* _What is being asked_
I'd like every record written out again, exactly as it is.

* _Available data_
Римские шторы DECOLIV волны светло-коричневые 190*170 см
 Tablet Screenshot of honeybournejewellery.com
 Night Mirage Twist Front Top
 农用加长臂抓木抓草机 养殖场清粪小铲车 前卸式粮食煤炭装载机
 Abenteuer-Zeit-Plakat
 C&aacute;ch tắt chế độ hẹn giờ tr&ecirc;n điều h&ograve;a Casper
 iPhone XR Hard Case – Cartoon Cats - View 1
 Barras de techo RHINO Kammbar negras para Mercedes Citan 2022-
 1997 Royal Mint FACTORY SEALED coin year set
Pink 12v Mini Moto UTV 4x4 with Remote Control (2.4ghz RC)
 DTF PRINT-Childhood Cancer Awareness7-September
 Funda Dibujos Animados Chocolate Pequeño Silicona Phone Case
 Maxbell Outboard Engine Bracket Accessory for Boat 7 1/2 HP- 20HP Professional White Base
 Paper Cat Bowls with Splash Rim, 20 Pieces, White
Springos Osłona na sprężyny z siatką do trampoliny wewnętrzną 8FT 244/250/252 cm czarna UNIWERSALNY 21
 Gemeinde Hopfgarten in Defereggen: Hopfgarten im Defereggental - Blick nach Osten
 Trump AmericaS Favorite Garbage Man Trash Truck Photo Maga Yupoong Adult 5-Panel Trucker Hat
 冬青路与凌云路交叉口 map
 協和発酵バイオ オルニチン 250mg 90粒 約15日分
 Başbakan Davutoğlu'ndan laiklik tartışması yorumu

* _Task response_
Римские шторы DECOLIV волны светло-коричневые 190*170 см
 Tablet Screenshot of honeybournejewellery.com
 Night Mirage Twist Front Top
 农用加长臂抓木抓草机 养殖场清粪小铲车 前卸式粮食煤炭装载机
 Abenteuer-Zeit-Plakat
 C&aacute;ch tắt chế độ hẹn giờ tr&ecirc;n điều h&ograve;a Casper
 iPhone XR Hard Case – Cartoon Cats - View 1
 Barras de techo RHINO Kammbar negras para Mercedes Citan 2022-
 1997 Royal Mint FACTORY SEALED coin year set
Pink 12v Mini Moto UTV 4x4 with Remote Control (2.4ghz RC)
 DTF PRINT-Childhood Cancer Awareness7-September
 Funda Dibujos Animados Chocolate Pequeño Silicona Phone Case
 Maxbell Outboard Engine Bracket Accessory for Boat 7 1/2 HP- 20HP Professional White Base
 Paper Cat Bowls with Splash Rim, 20 Pieces, White
Springos Osłona na sprężyny z siatką do trampoliny wewnętrzną 8FT 244/250/252 cm czarna UNIWERSALNY 21
 Gemeinde Hopfgarten in Defereggen: Hopfgarten im Defereggental - Blick nach Osten
 Trump AmericaS Favorite Garbage Man Trash Truck Photo Maga Yupoong Adult 5-Panel Trucker Hat
 冬青路与凌云路交叉口 map
 協和発酵バイオ オルニチン 250mg 90粒 約15日分
 Başbakan Davutoğlu'ndan laiklik tartışması yorumu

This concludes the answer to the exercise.